Alors qu’Amy se balade en forêt en quête de champignons, elle tombe sur un soldat blessé, fuyant la guerre de Sécession. L’adolescente lui propose son aide et le conduit jusqu’au pensionnat de jeunes filles où elle réside, presque entièrement déserté en raison des combats environnants. Il n’y reste que 4 de ses camarades, ainsi qu’une de leurs ''tutrices'', Miss Edwina, et la directrice, Miss Martha. L’arrivée de ce soldat (ennemi) va bouleverser les habitudes de ces différentes femmes, éveiller leur curiosité et leur désir, réveiller des animosités et des jalousies. À noter : ce long-métrage est le remake d’un film du même nom, réalisé par Don Siegel en 1971, qui était lui-même l’adaptation du roman The Beguiled (1966) de Thomas Cullinan.
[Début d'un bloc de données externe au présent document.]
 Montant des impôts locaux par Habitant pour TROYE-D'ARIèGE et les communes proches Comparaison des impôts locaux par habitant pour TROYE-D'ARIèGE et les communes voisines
Dès la séquence d’ouverture, Coppola donne le ton. L’ambiance est très marquée, la réalisation soignée. Il y a une certaine épure, visuelle – avec une majorité de plans fixes, très peu de mouvements de caméra, qui sont en somme lents et subtils – comme musicale, évitant les fioritures qui détourneraient des enjeux. Ce qui interrompt le silence la plus grande partie du temps, ce sont les bruits de canons, qui semblent toutefois relativement éloignés du pensionnat. Celui-ci se présente comme un véritable cocon, rassurant, calme, ouaté.
Cette sensation de douceur est véhiculée par des couleurs désaturées et pastels, des lumières douces qui tamisent et créent des ombres, telles que les bougies utilisées la nuit, un jeu sur la transparence et des silhouettes qui se devinent (au travers de fenêtres, de voiles, ou aux contours rendus flottants par la brume). Mais le pensionnat va se révéler lieu de danger. Évoluant en même temps que les sentiments de celles qui y vivent, il va passer du refuge réconfortant au piège pernicieux. À l’instar d’un décor de peinture romantique, les êtres sont perdus au milieu d’une nature mystérieuse, qui peut être aussi attirante qu’inquiétante.
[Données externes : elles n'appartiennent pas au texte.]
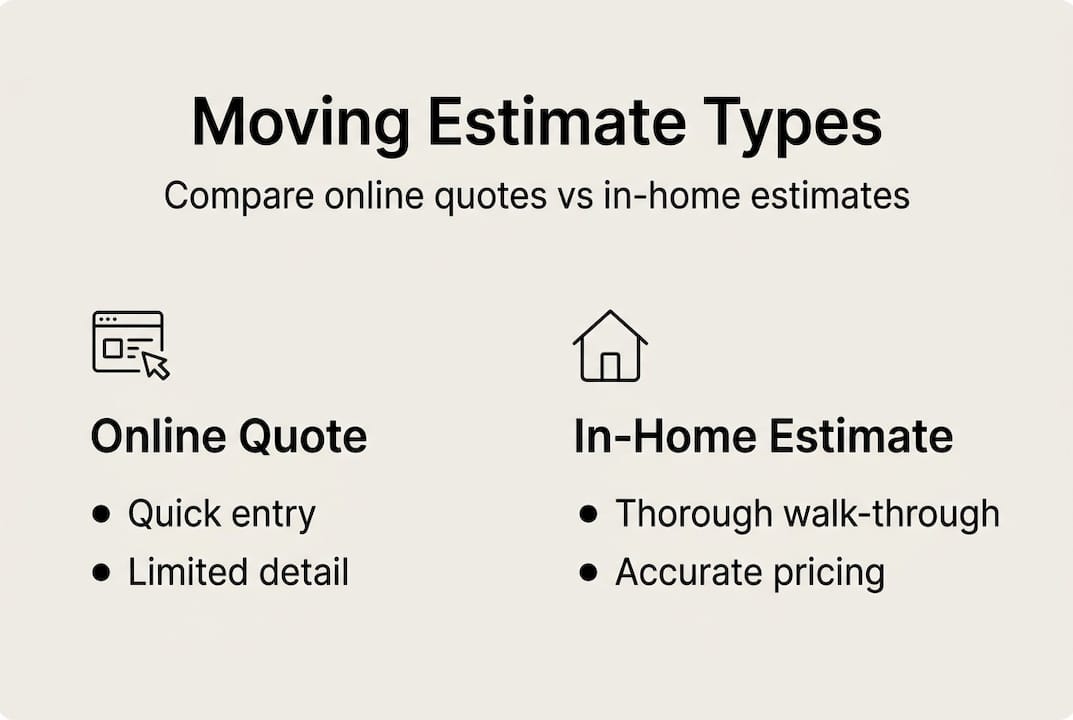 Infographic comparing online and in-home estimates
C’est là l’un des charmes du film : l’atmosphère qui s’y déploie. En même temps que s’accroît le désir de certaines protagonistes, monte la tension. Toutefois, on peut reprocher à Sofia Coppola d’être restée quelque peu en surface quant au traitement des personnages. Si le casting ne manque pas d’attrait (Colin Farrell en yankee, Nicole Kidman, Kirsten Dunst, Elle Fanning en hôtesses séduites entre autres), il semble qu’il ait été un peu délaissé au profit de l’esthétique. Cela ne m’a néanmoins pas tant dérangée ; on accepte la discrétion du soldat, car cela va dans le sens d’une lecture des faits plus orientée sur la gent féminine, contrairement à celle faite par Don Siegel en 71, qui s’identifiait à l’unique personnage masculin, en faisant le point d’entrée de la fable. Ici ce sont les jeunes femmes qui sont au cœur de l’attention. On aurait alors aimé creuser encore leurs relations, aller un peu plus en dessous de la surface pour montrer toute leur complexité. Mais la situation est tout de même claire et ses enjeux fonctionnent, on ne se sent pas en manque de lisibilité ou en recherche d’explications. Puis après tout, cette sorte de flottement n’est pas si incohérente que ça : les personnages ont quelque chose d’insaisissable et mouvant, comme l’est leur désir.